* _Input material_:
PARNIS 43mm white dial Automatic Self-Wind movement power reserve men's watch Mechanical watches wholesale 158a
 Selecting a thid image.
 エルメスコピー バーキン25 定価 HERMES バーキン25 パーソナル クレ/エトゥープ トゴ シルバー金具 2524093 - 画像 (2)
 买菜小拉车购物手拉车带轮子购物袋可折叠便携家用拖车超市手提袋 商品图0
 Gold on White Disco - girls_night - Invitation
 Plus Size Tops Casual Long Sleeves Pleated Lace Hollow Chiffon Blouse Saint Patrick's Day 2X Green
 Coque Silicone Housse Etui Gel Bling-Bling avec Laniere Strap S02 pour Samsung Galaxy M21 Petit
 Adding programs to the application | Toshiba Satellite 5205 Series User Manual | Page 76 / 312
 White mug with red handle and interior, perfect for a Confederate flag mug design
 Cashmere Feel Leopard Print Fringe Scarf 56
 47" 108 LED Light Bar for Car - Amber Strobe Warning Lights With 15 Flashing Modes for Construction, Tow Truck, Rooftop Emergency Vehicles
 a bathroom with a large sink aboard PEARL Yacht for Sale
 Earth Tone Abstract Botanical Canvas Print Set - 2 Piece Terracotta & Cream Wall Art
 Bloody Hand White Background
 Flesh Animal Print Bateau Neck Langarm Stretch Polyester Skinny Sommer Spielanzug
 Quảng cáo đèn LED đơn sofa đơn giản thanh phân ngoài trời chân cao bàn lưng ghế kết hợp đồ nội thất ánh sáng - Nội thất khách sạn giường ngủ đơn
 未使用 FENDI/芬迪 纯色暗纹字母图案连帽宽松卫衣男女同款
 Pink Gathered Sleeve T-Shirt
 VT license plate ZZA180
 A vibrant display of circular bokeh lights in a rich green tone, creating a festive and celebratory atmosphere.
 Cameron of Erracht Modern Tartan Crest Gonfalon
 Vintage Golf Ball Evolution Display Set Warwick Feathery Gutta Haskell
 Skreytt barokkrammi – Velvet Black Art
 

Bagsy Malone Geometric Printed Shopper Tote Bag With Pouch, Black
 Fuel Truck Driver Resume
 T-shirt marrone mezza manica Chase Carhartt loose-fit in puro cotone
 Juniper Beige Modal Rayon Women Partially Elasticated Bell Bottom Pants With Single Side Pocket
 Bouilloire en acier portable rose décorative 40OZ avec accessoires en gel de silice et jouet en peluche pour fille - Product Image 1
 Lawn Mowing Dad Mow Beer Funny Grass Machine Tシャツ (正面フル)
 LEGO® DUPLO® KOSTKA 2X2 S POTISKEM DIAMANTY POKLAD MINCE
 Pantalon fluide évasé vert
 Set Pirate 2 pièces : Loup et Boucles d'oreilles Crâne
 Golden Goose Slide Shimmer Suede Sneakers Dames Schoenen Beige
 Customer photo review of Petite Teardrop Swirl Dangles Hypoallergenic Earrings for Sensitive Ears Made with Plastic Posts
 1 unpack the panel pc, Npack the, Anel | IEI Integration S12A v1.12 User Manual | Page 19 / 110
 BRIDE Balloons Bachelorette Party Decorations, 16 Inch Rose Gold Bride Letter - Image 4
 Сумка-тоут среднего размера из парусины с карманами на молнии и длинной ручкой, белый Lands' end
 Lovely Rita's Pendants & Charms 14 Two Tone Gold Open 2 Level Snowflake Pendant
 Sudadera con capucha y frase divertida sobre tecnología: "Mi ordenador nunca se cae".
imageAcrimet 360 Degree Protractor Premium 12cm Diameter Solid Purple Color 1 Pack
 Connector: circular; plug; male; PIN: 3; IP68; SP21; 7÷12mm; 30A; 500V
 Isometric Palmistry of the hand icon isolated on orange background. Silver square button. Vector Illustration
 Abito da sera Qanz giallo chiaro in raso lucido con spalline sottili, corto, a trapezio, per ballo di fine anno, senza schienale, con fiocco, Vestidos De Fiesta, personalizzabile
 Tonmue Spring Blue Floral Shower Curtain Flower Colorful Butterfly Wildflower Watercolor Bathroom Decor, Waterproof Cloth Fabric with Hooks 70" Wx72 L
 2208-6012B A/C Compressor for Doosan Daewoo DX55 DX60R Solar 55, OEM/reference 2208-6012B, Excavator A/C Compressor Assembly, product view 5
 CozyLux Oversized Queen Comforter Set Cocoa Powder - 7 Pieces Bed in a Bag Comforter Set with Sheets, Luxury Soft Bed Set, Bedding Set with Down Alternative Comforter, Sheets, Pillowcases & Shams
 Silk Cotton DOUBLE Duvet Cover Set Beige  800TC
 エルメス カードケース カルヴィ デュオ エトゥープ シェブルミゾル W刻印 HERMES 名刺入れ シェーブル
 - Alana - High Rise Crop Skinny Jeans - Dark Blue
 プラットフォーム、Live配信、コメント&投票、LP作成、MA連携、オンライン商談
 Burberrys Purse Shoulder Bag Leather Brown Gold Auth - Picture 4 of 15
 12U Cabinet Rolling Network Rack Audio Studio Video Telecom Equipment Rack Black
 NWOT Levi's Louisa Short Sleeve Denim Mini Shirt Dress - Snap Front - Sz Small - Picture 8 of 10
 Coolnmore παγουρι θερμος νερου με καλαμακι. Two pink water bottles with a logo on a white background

* _Your goal_:
Output the records above, each one exactly, with none left out.

* _Result of this exercise_:
PARNIS 43mm white dial Automatic Self-Wind movement power reserve men's watch Mechanical watches wholesale 158a
 Selecting a thid image.
 エルメスコピー バーキン25 定価 HERMES バーキン25 パーソナル クレ/エトゥープ トゴ シルバー金具 2524093 - 画像 (2)
 买菜小拉车购物手拉车带轮子购物袋可折叠便携家用拖车超市手提袋 商品图0
 Gold on White Disco - girls_night - Invitation
 Plus Size Tops Casual Long Sleeves Pleated Lace Hollow Chiffon Blouse Saint Patrick's Day 2X Green
 Coque Silicone Housse Etui Gel Bling-Bling avec Laniere Strap S02 pour Samsung Galaxy M21 Petit
 Adding programs to the application | Toshiba Satellite 5205 Series User Manual | Page 76 / 312
 White mug with red handle and interior, perfect for a Confederate flag mug design
 Cashmere Feel Leopard Print Fringe Scarf 56
 47" 108 LED Light Bar for Car - Amber Strobe Warning Lights With 15 Flashing Modes for Construction, Tow Truck, Rooftop Emergency Vehicles
 a bathroom with a large sink aboard PEARL Yacht for Sale
 Earth Tone Abstract Botanical Canvas Print Set - 2 Piece Terracotta & Cream Wall Art
 Bloody Hand White Background
 Flesh Animal Print Bateau Neck Langarm Stretch Polyester Skinny Sommer Spielanzug
 Quảng cáo đèn LED đơn sofa đơn giản thanh phân ngoài trời chân cao bàn lưng ghế kết hợp đồ nội thất ánh sáng - Nội thất khách sạn giường ngủ đơn
 未使用 FENDI/芬迪 纯色暗纹字母图案连帽宽松卫衣男女同款
 Pink Gathered Sleeve T-Shirt
 VT license plate ZZA180
 A vibrant display of circular bokeh lights in a rich green tone, creating a festive and celebratory atmosphere.
 Cameron of Erracht Modern Tartan Crest Gonfalon
 Vintage Golf Ball Evolution Display Set Warwick Feathery Gutta Haskell
 Skreytt barokkrammi – Velvet Black Art
 

Bagsy Malone Geometric Printed Shopper Tote Bag With Pouch, Black
 Fuel Truck Driver Resume
 T-shirt marrone mezza manica Chase Carhartt loose-fit in puro cotone
 Juniper Beige Modal Rayon Women Partially Elasticated Bell Bottom Pants With Single Side Pocket
 Bouilloire en acier portable rose décorative 40OZ avec accessoires en gel de silice et jouet en peluche pour fille - Product Image 1
 Lawn Mowing Dad Mow Beer Funny Grass Machine Tシャツ (正面フル)
 LEGO® DUPLO® KOSTKA 2X2 S POTISKEM DIAMANTY POKLAD MINCE
 Pantalon fluide évasé vert
 Set Pirate 2 pièces : Loup et Boucles d'oreilles Crâne
 Golden Goose Slide Shimmer Suede Sneakers Dames Schoenen Beige
 Customer photo review of Petite Teardrop Swirl Dangles Hypoallergenic Earrings for Sensitive Ears Made with Plastic Posts
 1 unpack the panel pc, Npack the, Anel | IEI Integration S12A v1.12 User Manual | Page 19 / 110
 BRIDE Balloons Bachelorette Party Decorations, 16 Inch Rose Gold Bride Letter - Image 4
 Сумка-тоут среднего размера из парусины с карманами на молнии и длинной ручкой, белый Lands' end
 Lovely Rita's Pendants & Charms 14 Two Tone Gold Open 2 Level Snowflake Pendant
 Sudadera con capucha y frase divertida sobre tecnología: "Mi ordenador nunca se cae".
imageAcrimet 360 Degree Protractor Premium 12cm Diameter Solid Purple Color 1 Pack
 Connector: circular; plug; male; PIN: 3; IP68; SP21; 7÷12mm; 30A; 500V
 Isometric Palmistry of the hand icon isolated on orange background. Silver square button. Vector Illustration
 Abito da sera Qanz giallo chiaro in raso lucido con spalline sottili, corto, a trapezio, per ballo di fine anno, senza schienale, con fiocco, Vestidos De Fiesta, personalizzabile
 Tonmue Spring Blue Floral Shower Curtain Flower Colorful Butterfly Wildflower Watercolor Bathroom Decor, Waterproof Cloth Fabric with Hooks 70" Wx72 L
 2208-6012B A/C Compressor for Doosan Daewoo DX55 DX60R Solar 55, OEM/reference 2208-6012B, Excavator A/C Compressor Assembly, product view 5
 CozyLux Oversized Queen Comforter Set Cocoa Powder - 7 Pieces Bed in a Bag Comforter Set with Sheets, Luxury Soft Bed Set, Bedding Set with Down Alternative Comforter, Sheets, Pillowcases & Shams
 Silk Cotton DOUBLE Duvet Cover Set Beige  800TC
 エルメス カードケース カルヴィ デュオ エトゥープ シェブルミゾル W刻印 HERMES 名刺入れ シェーブル
 - Alana - High Rise Crop Skinny Jeans - Dark Blue
 プラットフォーム、Live配信、コメント&投票、LP作成、MA連携、オンライン商談
 Burberrys Purse Shoulder Bag Leather Brown Gold Auth - Picture 4 of 15
 12U Cabinet Rolling Network Rack Audio Studio Video Telecom Equipment Rack Black
 NWOT Levi's Louisa Short Sleeve Denim Mini Shirt Dress - Snap Front - Sz Small - Picture 8 of 10
 Coolnmore παγουρι θερμος νερου με καλαμακι. Two pink water bottles with a logo on a white background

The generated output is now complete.